» **TASK TO CARRY OUT**
Write each entry out once more, please, precisely as shown.
________________________
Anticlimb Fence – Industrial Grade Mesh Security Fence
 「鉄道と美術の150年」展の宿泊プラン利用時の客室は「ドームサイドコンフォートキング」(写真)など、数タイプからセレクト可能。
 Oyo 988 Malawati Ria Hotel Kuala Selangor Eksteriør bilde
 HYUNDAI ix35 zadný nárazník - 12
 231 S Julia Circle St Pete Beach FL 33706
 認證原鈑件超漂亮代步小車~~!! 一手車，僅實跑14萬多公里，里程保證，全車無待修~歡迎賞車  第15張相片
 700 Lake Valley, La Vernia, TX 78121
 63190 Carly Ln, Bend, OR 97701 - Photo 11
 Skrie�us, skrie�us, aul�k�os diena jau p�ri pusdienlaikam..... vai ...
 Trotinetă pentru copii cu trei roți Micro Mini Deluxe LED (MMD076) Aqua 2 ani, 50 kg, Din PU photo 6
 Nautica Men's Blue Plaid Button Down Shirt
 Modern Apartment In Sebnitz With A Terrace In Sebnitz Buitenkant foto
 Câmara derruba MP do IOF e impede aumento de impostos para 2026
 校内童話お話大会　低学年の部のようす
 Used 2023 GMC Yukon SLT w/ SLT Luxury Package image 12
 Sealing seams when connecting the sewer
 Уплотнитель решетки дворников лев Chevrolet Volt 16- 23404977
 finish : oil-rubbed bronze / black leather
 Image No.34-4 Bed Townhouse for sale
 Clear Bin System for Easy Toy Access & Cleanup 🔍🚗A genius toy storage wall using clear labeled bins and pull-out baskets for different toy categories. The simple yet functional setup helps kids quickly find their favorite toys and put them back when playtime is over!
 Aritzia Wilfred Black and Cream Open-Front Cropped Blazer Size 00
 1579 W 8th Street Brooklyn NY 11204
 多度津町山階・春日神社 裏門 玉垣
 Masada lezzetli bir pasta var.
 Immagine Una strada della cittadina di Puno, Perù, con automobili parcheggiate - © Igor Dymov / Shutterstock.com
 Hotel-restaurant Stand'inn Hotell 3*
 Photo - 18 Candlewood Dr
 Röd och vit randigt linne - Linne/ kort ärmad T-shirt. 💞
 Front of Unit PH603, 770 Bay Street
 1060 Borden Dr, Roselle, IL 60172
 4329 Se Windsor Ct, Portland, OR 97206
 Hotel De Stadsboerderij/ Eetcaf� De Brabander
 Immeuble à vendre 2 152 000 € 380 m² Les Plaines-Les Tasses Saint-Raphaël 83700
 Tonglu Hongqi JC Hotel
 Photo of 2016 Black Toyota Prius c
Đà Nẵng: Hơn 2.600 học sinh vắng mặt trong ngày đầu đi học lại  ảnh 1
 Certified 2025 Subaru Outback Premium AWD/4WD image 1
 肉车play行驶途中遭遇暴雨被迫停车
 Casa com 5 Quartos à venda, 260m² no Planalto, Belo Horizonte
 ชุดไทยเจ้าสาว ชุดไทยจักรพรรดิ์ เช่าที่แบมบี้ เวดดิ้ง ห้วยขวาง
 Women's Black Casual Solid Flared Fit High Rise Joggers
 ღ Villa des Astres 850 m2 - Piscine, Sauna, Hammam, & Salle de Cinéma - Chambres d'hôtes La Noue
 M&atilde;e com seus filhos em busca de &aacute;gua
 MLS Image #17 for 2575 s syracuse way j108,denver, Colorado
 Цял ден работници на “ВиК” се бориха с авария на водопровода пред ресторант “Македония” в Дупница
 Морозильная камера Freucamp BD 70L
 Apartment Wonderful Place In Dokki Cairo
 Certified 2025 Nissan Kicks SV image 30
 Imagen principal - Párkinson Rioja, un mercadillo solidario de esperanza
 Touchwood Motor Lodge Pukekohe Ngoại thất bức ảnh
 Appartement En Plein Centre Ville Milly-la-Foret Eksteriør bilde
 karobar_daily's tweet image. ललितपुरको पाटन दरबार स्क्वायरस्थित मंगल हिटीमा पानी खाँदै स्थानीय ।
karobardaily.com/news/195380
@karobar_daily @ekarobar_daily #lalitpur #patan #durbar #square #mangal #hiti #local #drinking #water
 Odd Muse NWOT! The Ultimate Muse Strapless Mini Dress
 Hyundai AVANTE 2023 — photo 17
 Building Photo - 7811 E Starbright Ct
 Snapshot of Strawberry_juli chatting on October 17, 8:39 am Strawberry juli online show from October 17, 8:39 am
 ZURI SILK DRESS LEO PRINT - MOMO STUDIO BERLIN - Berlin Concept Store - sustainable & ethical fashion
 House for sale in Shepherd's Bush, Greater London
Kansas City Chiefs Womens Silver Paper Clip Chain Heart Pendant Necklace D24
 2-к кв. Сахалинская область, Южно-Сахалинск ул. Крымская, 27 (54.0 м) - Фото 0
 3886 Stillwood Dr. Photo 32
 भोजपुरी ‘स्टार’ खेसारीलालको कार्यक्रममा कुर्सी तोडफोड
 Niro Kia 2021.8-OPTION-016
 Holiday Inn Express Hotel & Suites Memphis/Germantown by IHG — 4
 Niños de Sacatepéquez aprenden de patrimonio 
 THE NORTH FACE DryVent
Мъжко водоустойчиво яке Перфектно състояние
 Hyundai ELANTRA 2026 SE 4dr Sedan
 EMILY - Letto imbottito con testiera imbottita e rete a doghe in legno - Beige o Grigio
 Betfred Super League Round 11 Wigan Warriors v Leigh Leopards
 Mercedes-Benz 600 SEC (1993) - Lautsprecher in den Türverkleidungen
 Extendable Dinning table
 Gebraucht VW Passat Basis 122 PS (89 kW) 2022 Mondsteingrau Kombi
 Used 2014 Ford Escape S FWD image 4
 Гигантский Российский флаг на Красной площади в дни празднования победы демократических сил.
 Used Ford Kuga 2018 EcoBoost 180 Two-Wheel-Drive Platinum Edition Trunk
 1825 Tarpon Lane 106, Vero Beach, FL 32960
________________________
» **RESPONSE TO THE EXERCISE**
Anticlimb Fence – Industrial Grade Mesh Security Fence
 「鉄道と美術の150年」展の宿泊プラン利用時の客室は「ドームサイドコンフォートキング」(写真)など、数タイプからセレクト可能。
 Oyo 988 Malawati Ria Hotel Kuala Selangor Eksteriør bilde
 HYUNDAI ix35 zadný nárazník - 12
 231 S Julia Circle St Pete Beach FL 33706
 認證原鈑件超漂亮代步小車~~!! 一手車，僅實跑14萬多公里，里程保證，全車無待修~歡迎賞車  第15張相片
 700 Lake Valley, La Vernia, TX 78121
 63190 Carly Ln, Bend, OR 97701 - Photo 11
 Skrie�us, skrie�us, aul�k�os diena jau p�ri pusdienlaikam..... vai ...
 Trotinetă pentru copii cu trei roți Micro Mini Deluxe LED (MMD076) Aqua 2 ani, 50 kg, Din PU photo 6
 Nautica Men's Blue Plaid Button Down Shirt
 Modern Apartment In Sebnitz With A Terrace In Sebnitz Buitenkant foto
 Câmara derruba MP do IOF e impede aumento de impostos para 2026
 校内童話お話大会　低学年の部のようす
 Used 2023 GMC Yukon SLT w/ SLT Luxury Package image 12
 Sealing seams when connecting the sewer
 Уплотнитель решетки дворников лев Chevrolet Volt 16- 23404977
 finish : oil-rubbed bronze / black leather
 Image No.34-4 Bed Townhouse for sale
 Clear Bin System for Easy Toy Access & Cleanup 🔍🚗A genius toy storage wall using clear labeled bins and pull-out baskets for different toy categories. The simple yet functional setup helps kids quickly find their favorite toys and put them back when playtime is over!
 Aritzia Wilfred Black and Cream Open-Front Cropped Blazer Size 00
 1579 W 8th Street Brooklyn NY 11204
 多度津町山階・春日神社 裏門 玉垣
 Masada lezzetli bir pasta var.
 Immagine Una strada della cittadina di Puno, Perù, con automobili parcheggiate - © Igor Dymov / Shutterstock.com
 Hotel-restaurant Stand'inn Hotell 3*
 Photo - 18 Candlewood Dr
 Röd och vit randigt linne - Linne/ kort ärmad T-shirt. 💞
 Front of Unit PH603, 770 Bay Street
 1060 Borden Dr, Roselle, IL 60172
 4329 Se Windsor Ct, Portland, OR 97206
 Hotel De Stadsboerderij/ Eetcaf� De Brabander
 Immeuble à vendre 2 152 000 € 380 m² Les Plaines-Les Tasses Saint-Raphaël 83700
 Tonglu Hongqi JC Hotel
 Photo of 2016 Black Toyota Prius c
Đà Nẵng: Hơn 2.600 học sinh vắng mặt trong ngày đầu đi học lại  ảnh 1
 Certified 2025 Subaru Outback Premium AWD/4WD image 1
 肉车play行驶途中遭遇暴雨被迫停车
 Casa com 5 Quartos à venda, 260m² no Planalto, Belo Horizonte
 ชุดไทยเจ้าสาว ชุดไทยจักรพรรดิ์ เช่าที่แบมบี้ เวดดิ้ง ห้วยขวาง
 Women's Black Casual Solid Flared Fit High Rise Joggers
 ღ Villa des Astres 850 m2 - Piscine, Sauna, Hammam, & Salle de Cinéma - Chambres d'hôtes La Noue
 M&atilde;e com seus filhos em busca de &aacute;gua
 MLS Image #17 for 2575 s syracuse way j108,denver, Colorado
 Цял ден работници на “ВиК” се бориха с авария на водопровода пред ресторант “Македония” в Дупница
 Морозильная камера Freucamp BD 70L
 Apartment Wonderful Place In Dokki Cairo
 Certified 2025 Nissan Kicks SV image 30
 Imagen principal - Párkinson Rioja, un mercadillo solidario de esperanza
 Touchwood Motor Lodge Pukekohe Ngoại thất bức ảnh
 Appartement En Plein Centre Ville Milly-la-Foret Eksteriør bilde
 karobar_daily's tweet image. ललितपुरको पाटन दरबार स्क्वायरस्थित मंगल हिटीमा पानी खाँदै स्थानीय ।
karobardaily.com/news/195380
@karobar_daily @ekarobar_daily #lalitpur #patan #durbar #square #mangal #hiti #local #drinking #water
 Odd Muse NWOT! The Ultimate Muse Strapless Mini Dress
 Hyundai AVANTE 2023 — photo 17
 Building Photo - 7811 E Starbright Ct
 Snapshot of Strawberry_juli chatting on October 17, 8:39 am Strawberry juli online show from October 17, 8:39 am
 ZURI SILK DRESS LEO PRINT - MOMO STUDIO BERLIN - Berlin Concept Store - sustainable & ethical fashion
 House for sale in Shepherd's Bush, Greater London
Kansas City Chiefs Womens Silver Paper Clip Chain Heart Pendant Necklace D24
 2-к кв. Сахалинская область, Южно-Сахалинск ул. Крымская, 27 (54.0 м) - Фото 0
 3886 Stillwood Dr. Photo 32
 भोजपुरी ‘स्टार’ खेसारीलालको कार्यक्रममा कुर्सी तोडफोड
 Niro Kia 2021.8-OPTION-016
 Holiday Inn Express Hotel & Suites Memphis/Germantown by IHG — 4
 Niños de Sacatepéquez aprenden de patrimonio 
 THE NORTH FACE DryVent
Мъжко водоустойчиво яке Перфектно състояние
 Hyundai ELANTRA 2026 SE 4dr Sedan
 EMILY - Letto imbottito con testiera imbottita e rete a doghe in legno - Beige o Grigio
 Betfred Super League Round 11 Wigan Warriors v Leigh Leopards
 Mercedes-Benz 600 SEC (1993) - Lautsprecher in den Türverkleidungen
 Extendable Dinning table
 Gebraucht VW Passat Basis 122 PS (89 kW) 2022 Mondsteingrau Kombi
 Used 2014 Ford Escape S FWD image 4
 Гигантский Российский флаг на Красной площади в дни празднования победы демократических сил.
 Used Ford Kuga 2018 EcoBoost 180 Two-Wheel-Drive Platinum Edition Trunk
 1825 Tarpon Lane 106, Vero Beach, FL 32960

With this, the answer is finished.